• **PROBLEM**:
Omitting all images, transcribe the entries word for word.

○ ○ ○ ○ ○

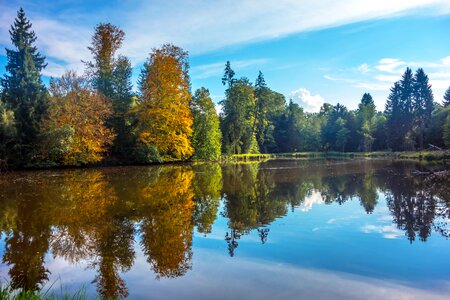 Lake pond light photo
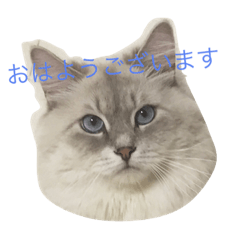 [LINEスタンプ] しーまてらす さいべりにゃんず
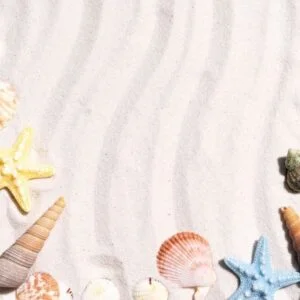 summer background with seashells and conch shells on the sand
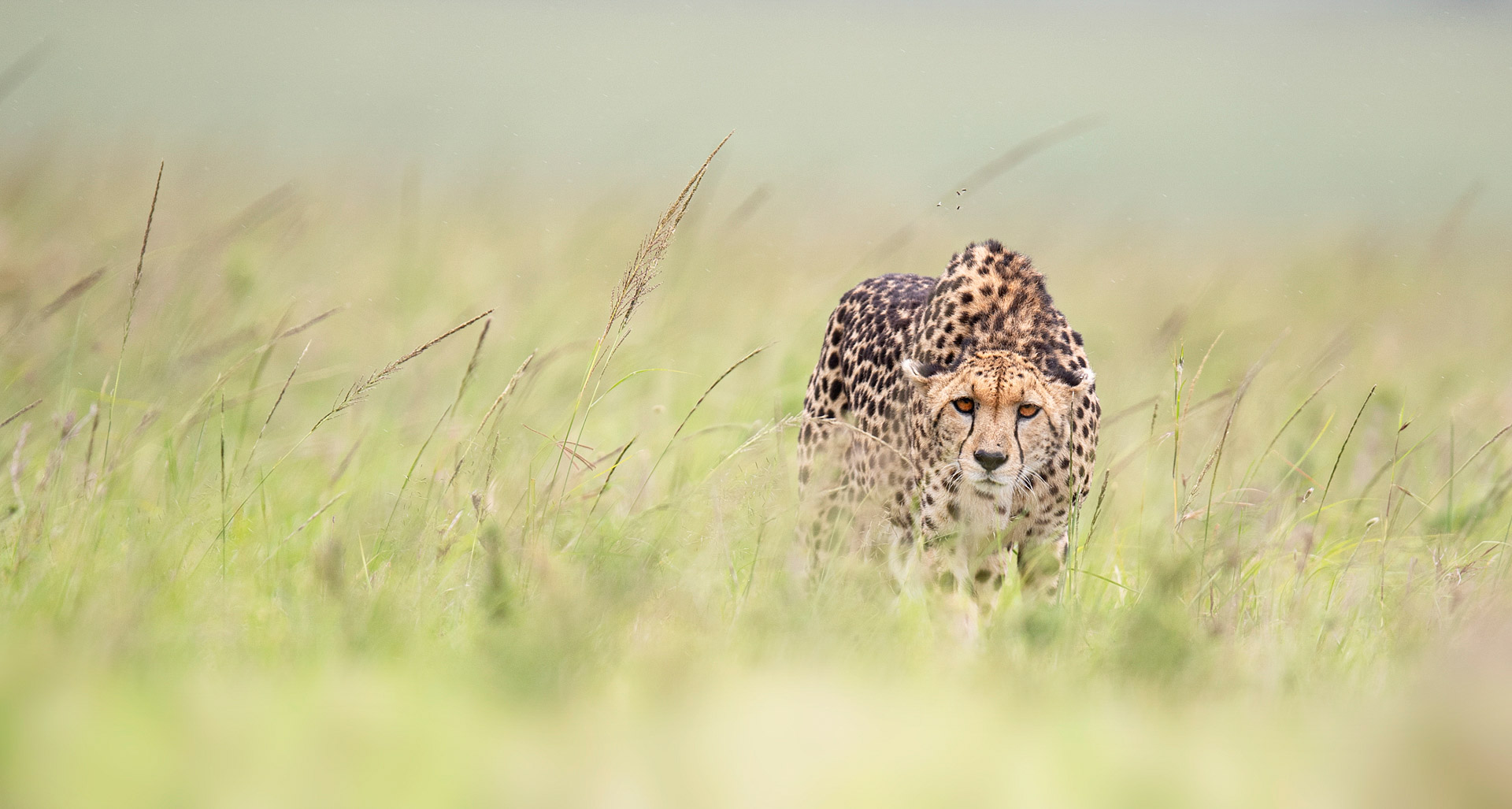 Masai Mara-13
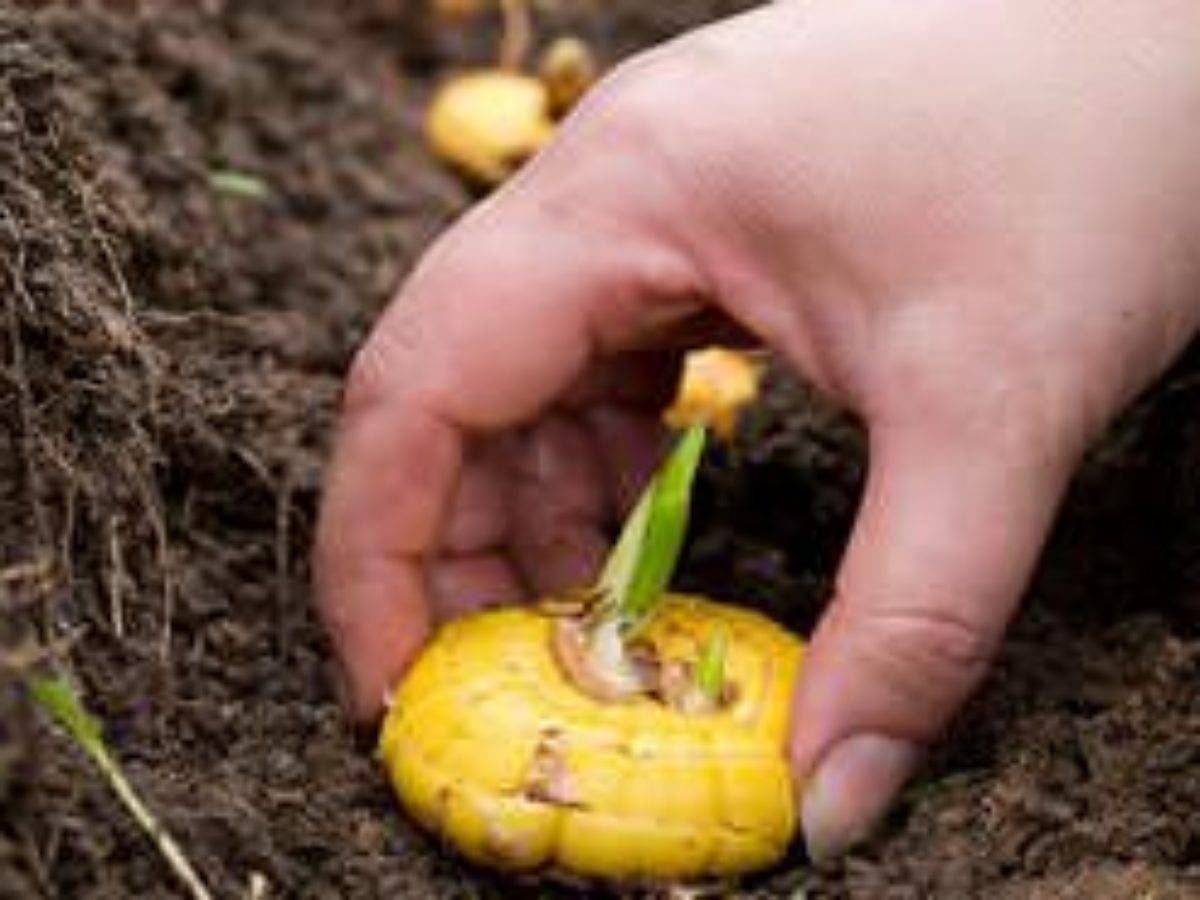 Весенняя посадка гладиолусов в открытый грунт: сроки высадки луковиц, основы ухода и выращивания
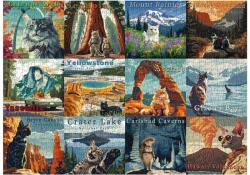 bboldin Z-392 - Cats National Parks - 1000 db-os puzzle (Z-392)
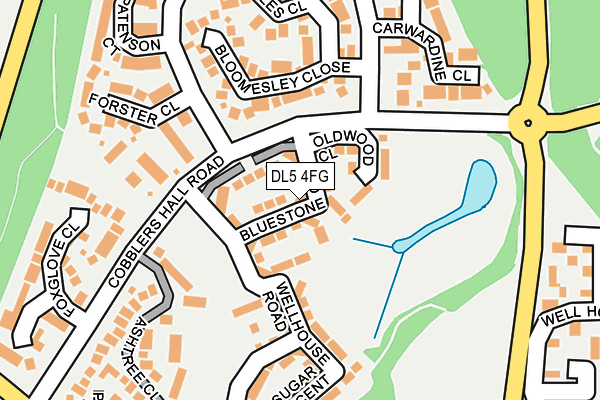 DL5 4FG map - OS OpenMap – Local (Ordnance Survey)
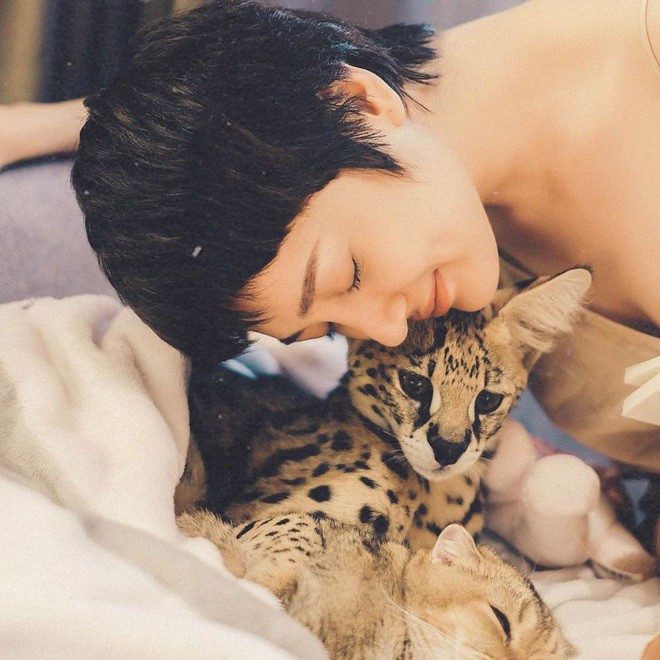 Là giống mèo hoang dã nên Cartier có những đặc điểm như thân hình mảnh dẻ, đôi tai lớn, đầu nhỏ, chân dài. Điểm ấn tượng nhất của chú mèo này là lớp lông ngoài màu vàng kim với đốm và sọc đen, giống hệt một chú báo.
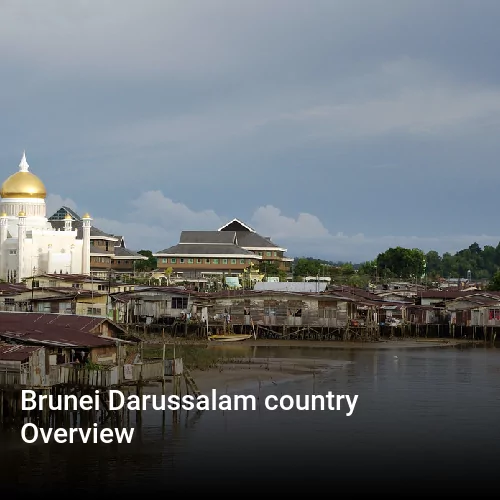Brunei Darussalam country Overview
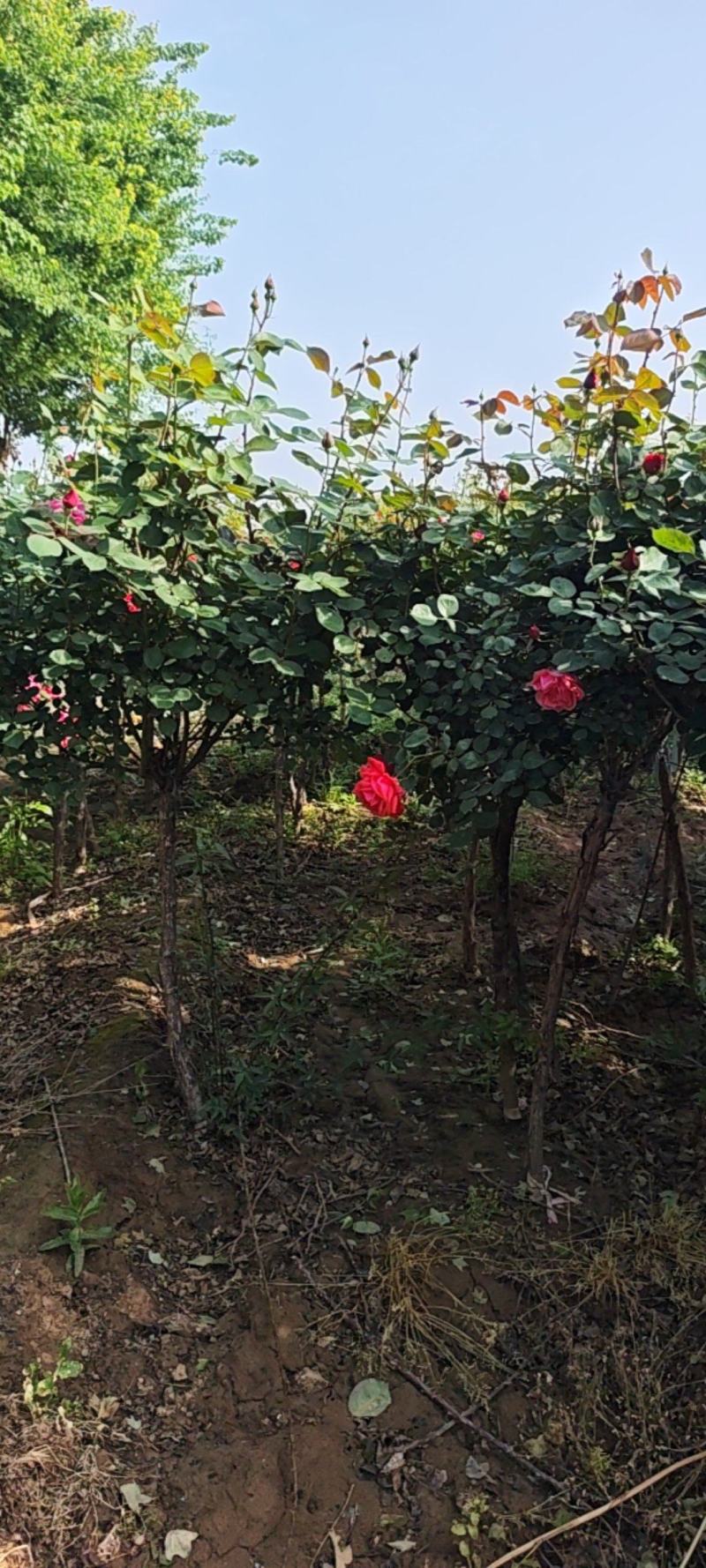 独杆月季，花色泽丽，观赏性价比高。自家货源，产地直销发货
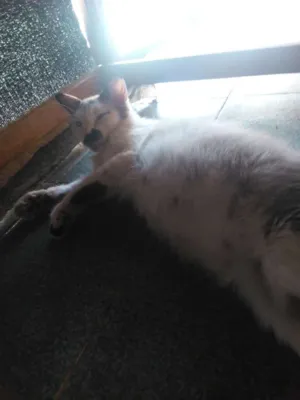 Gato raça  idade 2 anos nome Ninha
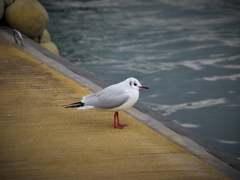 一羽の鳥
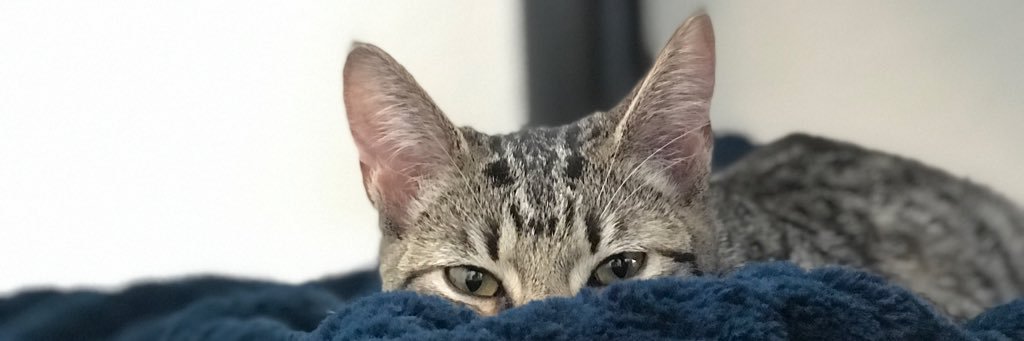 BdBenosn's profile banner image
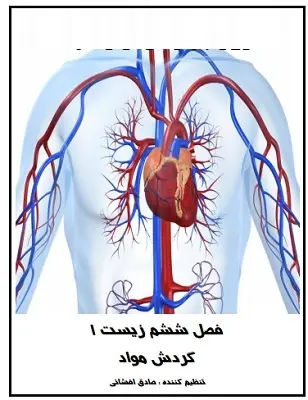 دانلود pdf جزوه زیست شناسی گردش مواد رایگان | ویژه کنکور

○ ○ ○ ○ ○

• **ANSWER BELOW**:
 Lake pond light photo
 [LINEスタンプ] しーまてらす さいべりにゃんず
 summer background with seashells and conch shells on the sand
 Masai Mara-13
 Весенняя посадка гладиолусов в открытый грунт: сроки высадки луковиц, основы ухода и выращивания
 bboldin Z-392 - Cats National Parks - 1000 db-os puzzle (Z-392)
 DL5 4FG map - OS OpenMap – Local (Ordnance Survey)
 Là giống mèo hoang dã nên Cartier có những đặc điểm như thân hình mảnh dẻ, đôi tai lớn, đầu nhỏ, chân dài. Điểm ấn tượng nhất của chú mèo này là lớp lông ngoài màu vàng kim với đốm và sọc đen, giống hệt một chú báo.
Brunei Darussalam country Overview
 独杆月季，花色泽丽，观赏性价比高。自家货源，产地直销发货
 Gato raça  idade 2 anos nome Ninha
 一羽の鳥
 BdBenosn's profile banner image
 دانلود pdf جزوه زیست شناسی گردش مواد رایگان | ویژه کنکور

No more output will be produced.